Wednesday, August 15, 2012

A Chorus Line (London, 1977)

Original Drury Lane Company of "A Chorus Line"
 
The 1975 Tony award-winning musical A Chorus Line was mounted in London's West End at the Theatre Royal Drury Lane, opening July 22,1976, where it won a Laurence Olivier Award for Best Musical. This was the first professional musical I ever saw.

In 1977 my entire family took a springtime vacation in England. It was the Queen's Silver Jubilee, and if I weren't so young, I might have noticed it was one of the most depressed and spectacular years to visit Britain. Because my ageing grandfather was with us, we took buses or taxis almost everywhere, avoiding the "Tube" and so I missed out on all the punks.

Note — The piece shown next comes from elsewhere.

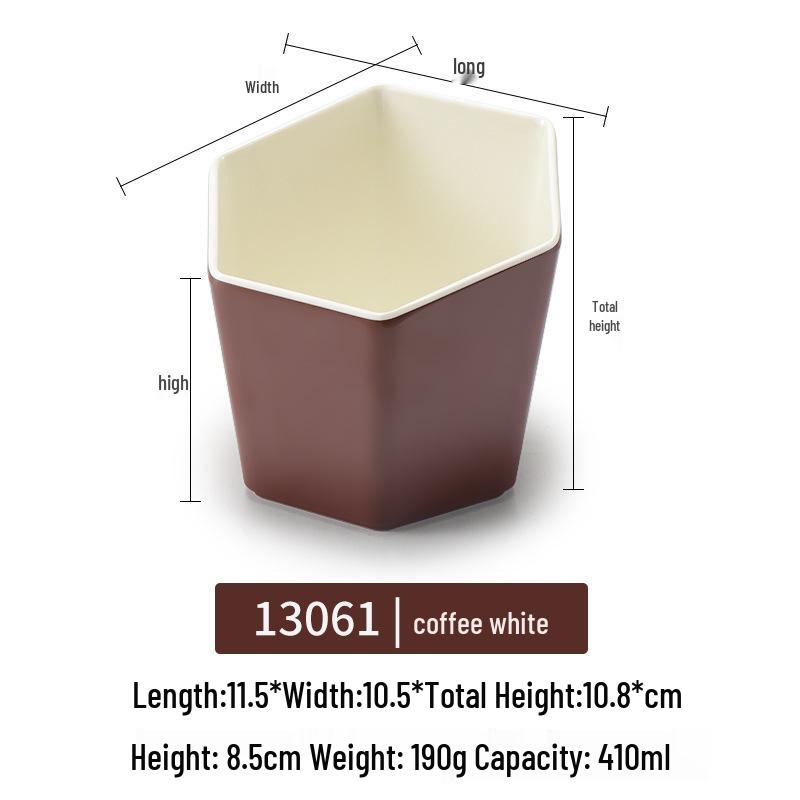 Melamine Rectangular Plate for BBQ & Side Dishes - Imitation Porcelain Tableware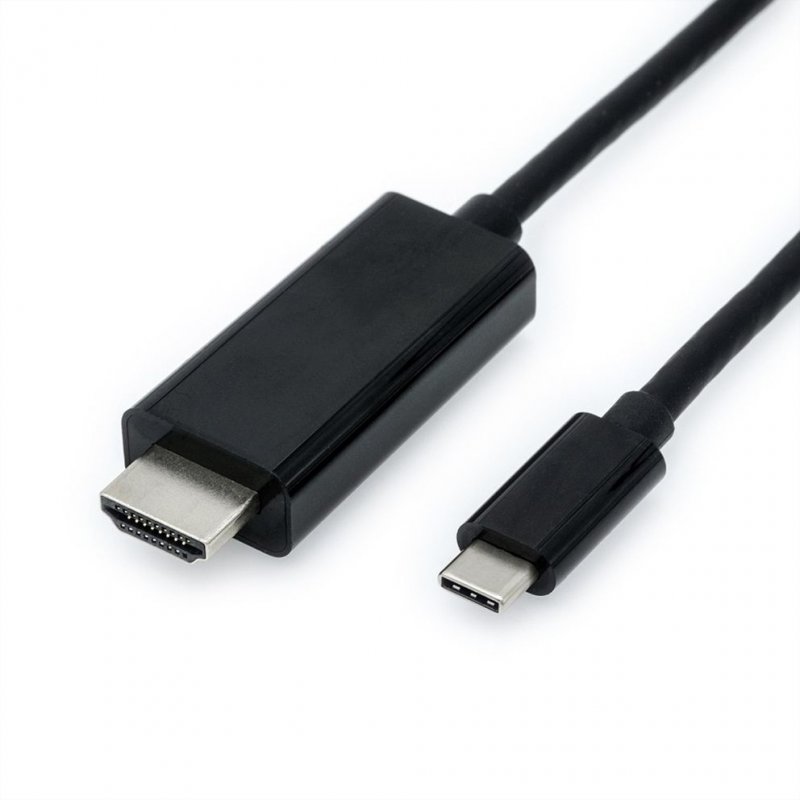 Value 11.99.5841 video cable adapter 2 m HDMI Type A (Standard) USB Type-C Black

Why a new musical was on our agenda, I have no idea. Knowing my brother's and father's appreciation for Agatha Christie, you'd think we would have front row seats for The Mousetrap or something. But they had made this trip the year before without me, and had already seen it.

Brief synopsis: A successful Broadway producer briefly satisfies his need to dominate and control by pressing those auditioning for non-acting roles to reveal their most deeply personal and humiliating life stories. Songs by Marvin Hamlisch!

In hindsight, my mother was mortified. I do not know which was more embarrassing, subjecting her nine year-old son or her eighty year-old father to songs about tits, masturbation and "the life". Probably that she was sitting right between us. Poor mom.

As for me, most of what was truly shocking flew right over my head. When the kid has his first orgasm and misdiagnoses it as gonorrhea, well shit, I didn't know what either of those words meant.  And listening to a woman sing about tits and ass was nothing, because by that point in the show, I was so charged from how revealing the women's leotards were, giving voice to it was merely hilarious.

What sticks with me was the one gay character (wait for it) named Paul. He is the one who describes when he was "outed" performing in a drag act at which his parents show up as a surprise. To this boy, that one story gave me entirely the wrong impression -- reinforcing the already dominant point of view at the time that being gay was something to be ashamed of, something exotic and interesting, but something to keep hidden at all costs.

And then Paul, the gay one, blows out a previously injured knee. So he loses, basically, the gay one loses. Pathetic. Maybe it was the memory of this that sent me into such a rage watching Rent. The most flamboyantly gay character, Angel, is the only one who actually dies, the straight, hot chick lives another day. The gay one always gets it.

For anyone familiar with the show, you know that Paul is not the only gay character in the show. He's not even the only character who talks openly about being gay, but he was the only one to speak so clearly about it as to make me understand what he was saying. Even Greg, for some reason, didn't stick in my memory, and he is such a queen, girlfriend.

The other day, the boy (7) and the girl (9) and I were heading into the pool, and we ran into a friend of the girl's from Girl Camp heading out. This friend was with her two moms, and after introductions and farewells, the boy asked if there was a dad. My girl said, "nope."

The boy thought for a moment and concluded, "They must have done that with the gay marriage."

Things are not more complicated today. They are more clear.

Sources:
Wikipedia
BroadwayWorld.com

Marvin Hamlisch died August 6, 2012.